Re: Time Flow in Different Gravity Potentials.




"Sue..." <suzysewnshow@xxxxxxxxxxxx> wrote in message
news:1135928548.591616.84130@xxxxxxxxxxxxxxxxxxxxxxxxxxxxxxx
>
> Henri Wilson wrote:
>> When reading about Einstein's 'theory', I persistently come across the
>> claim
>> that "time moves at different rates in different gravity potentials".
>>
>> Can some relativist expert please explain how time 'moves' or 'flows'?
>> How would its 'rate of flow' be defined?
>>
>>
>> HW.
>> www.users.bigpond.com/hewn/index.htm
>
> Will you take a Baptist expert's word for it?
> (I study their spending habits continually so I can
> fund my next political campaign)
> The 'clocks' in Einstein's theory do the funny
> things they do because they are viewed over
> unequal paths.

Little Mickey Zauberlehrling says 2AB/(t'A-tA) = c is
correct, and little Minnie Witch says 377 ohms is correct.
I can't get either child to learn their spells properly,
they are not as good as my former students,
Harry Potter and Hermione Granger.
They don't even play Quidditch.


> Surley you'll admit the 'time' you see on Mars
> is not the same as the 'time' you see on Neptune.
>
> Guns you judge on Earth to fire simultaneously
> on Mars and Neptune will not produce a midpoint
> collision of their projectiles.

Nor will those projectiles give an OWLS hoot about 377 ohms.

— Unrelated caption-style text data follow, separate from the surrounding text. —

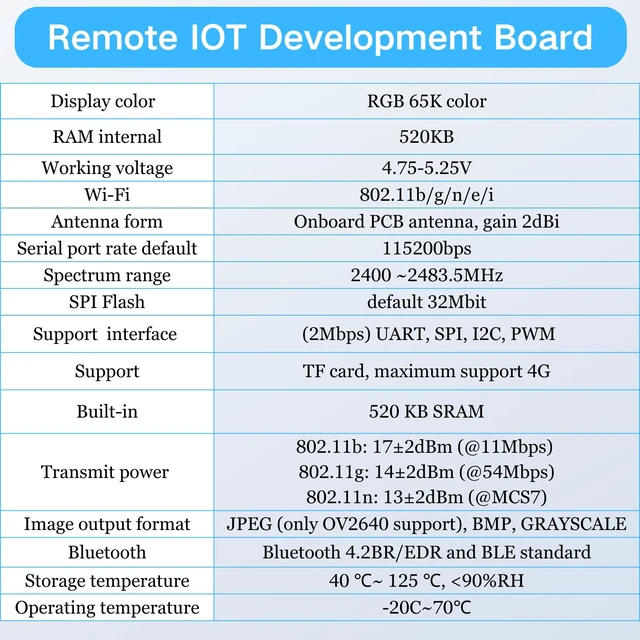Alt view image 6 of 7 - MELIFE 4PCS 2.8" inch ESP32 Display, ESP32 Module ESP32-2432S028R WiFi+BT Dual-core TFT Module ILI9341 Driver for Arduino IoT, ESP32 Development Board 240X320 Smart LCD Display Screen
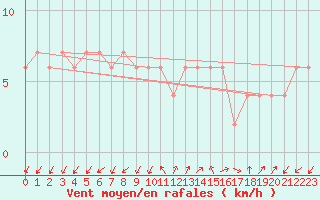 Courbe de la force du vent pour Lerida (Esp)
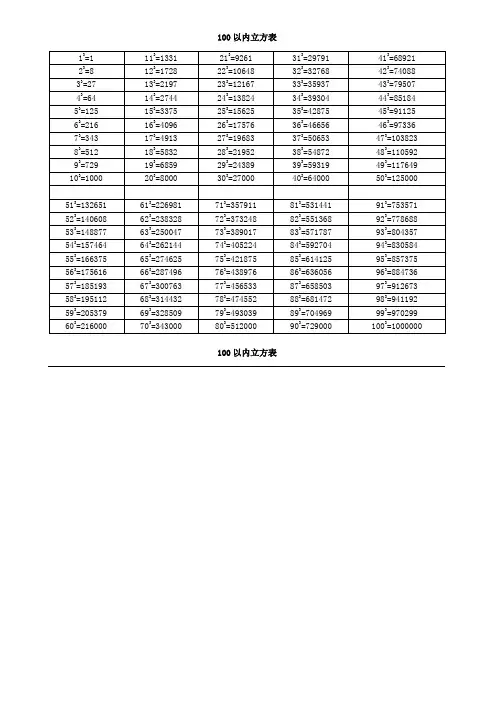 100以内立方表平方表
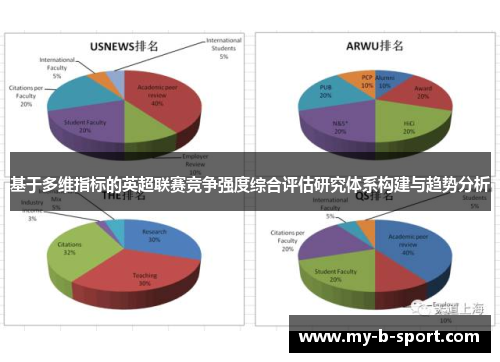 基于多维指标的英超联赛竞争强度综合评估研究体系构建与趋势分析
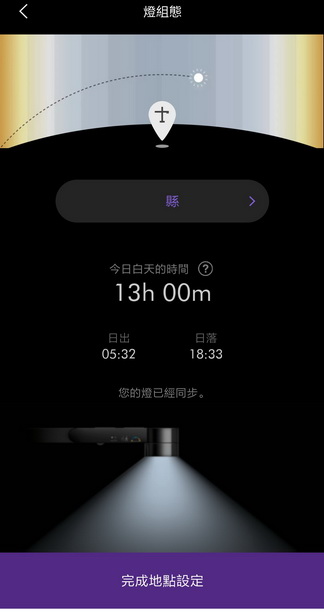 【試用】Dyson Lightcycle™檯燈 60年LED燈光 守護家人的眼睛健康！試用心得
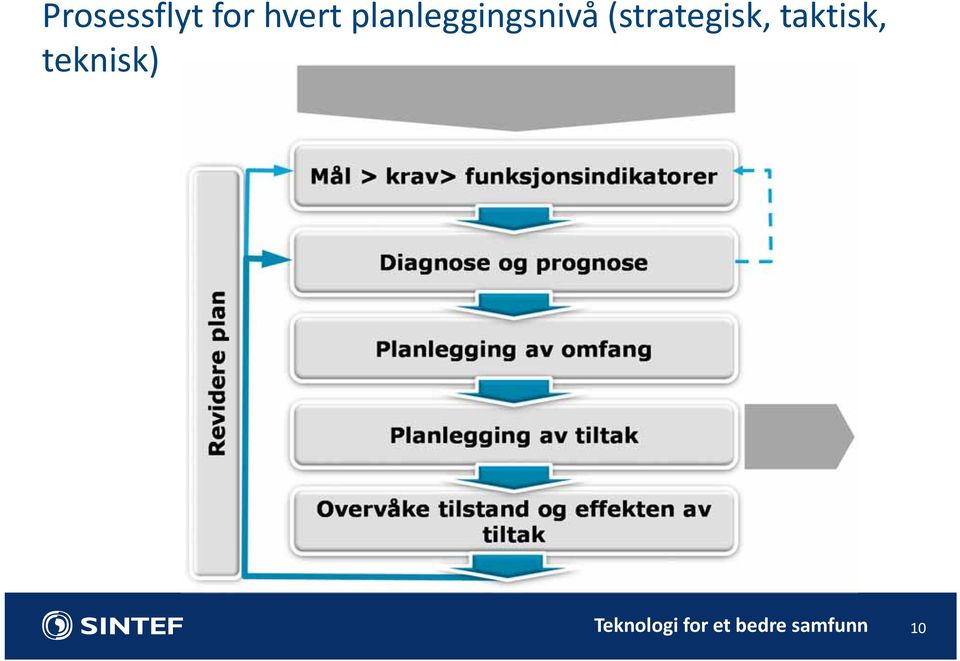 (strategisk, taktisk,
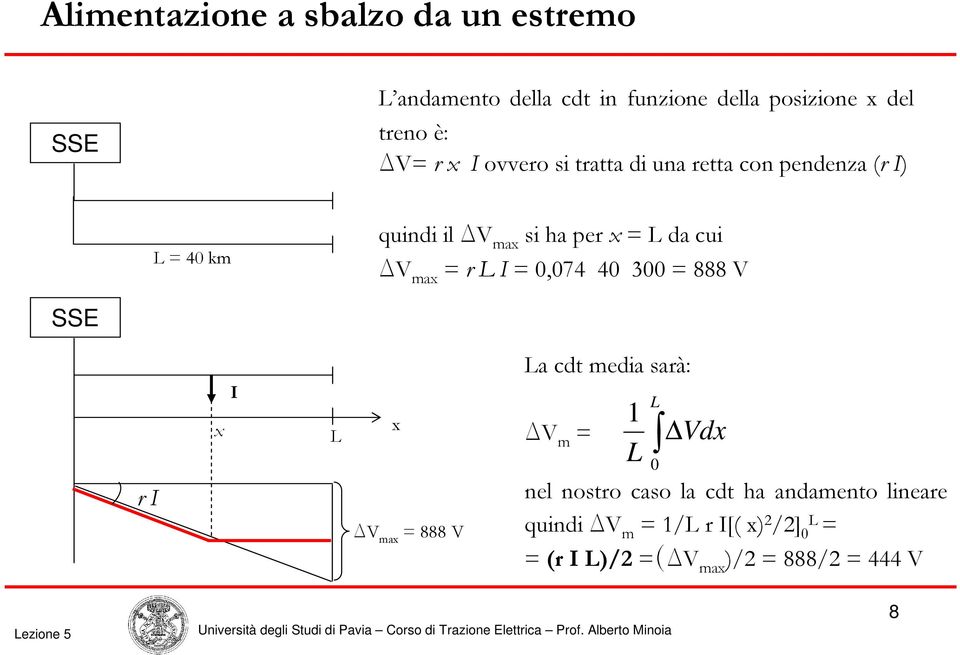 ma = r I = 0,074 40 300 = 888 V SSE I a cdt media sarà: DV m = 1 0 Vd r I DV ma = 888 V nel nostro caso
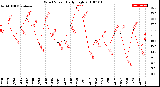 Milwaukee Weather Wind Speed<br>Daily High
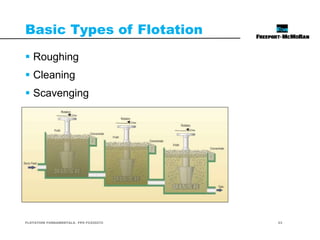 Flotation Fundamentals PPT March 11.pptx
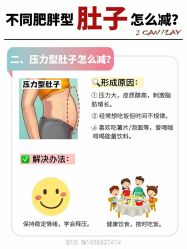 -Fundi张玉珊修身堂·indiba·BTL科技瘦身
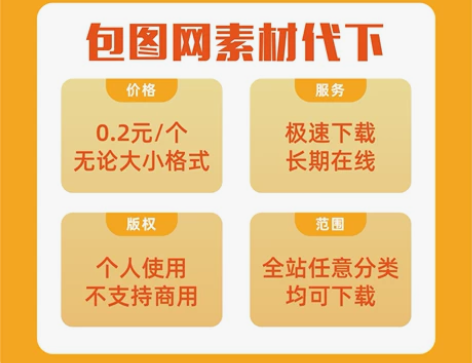 包图网-全站素材材代下/不轮大小一律0.2...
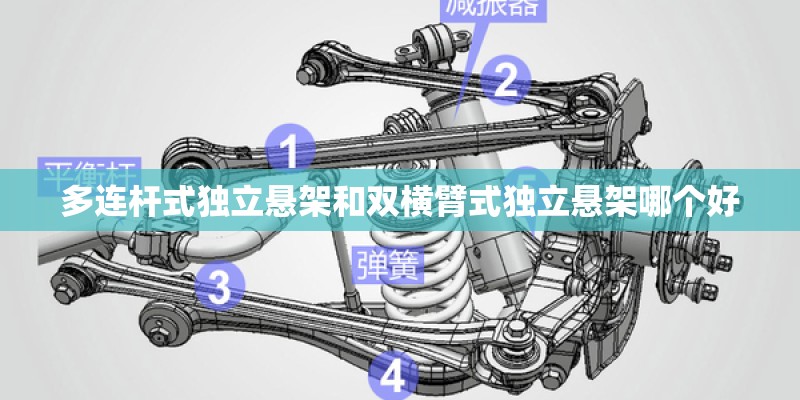 多连杆式独立悬架和双横臂式独立悬架哪个好 多连杆式独立悬架和双横臂式独立悬架哪个好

> AFAIK Einstein doesn't derive anything about
> 'time flow' from this effect and it is consistant
> with a constant speed of light.

The necromancer made time change to compensate
for the 377 ohms which isn't there.
Learn your spells properly, little witch, you've been
skipping arithmancy class which is why you don't know.
Hermione Granger always did her homework.

Repeat after me:
"Double double, toil and trouble,
Fire burn and Einstein bubble

Eye of Newt and toe of frog,
into Google goes the log."

You need Eye of Newt in all spells, little witch. Watch!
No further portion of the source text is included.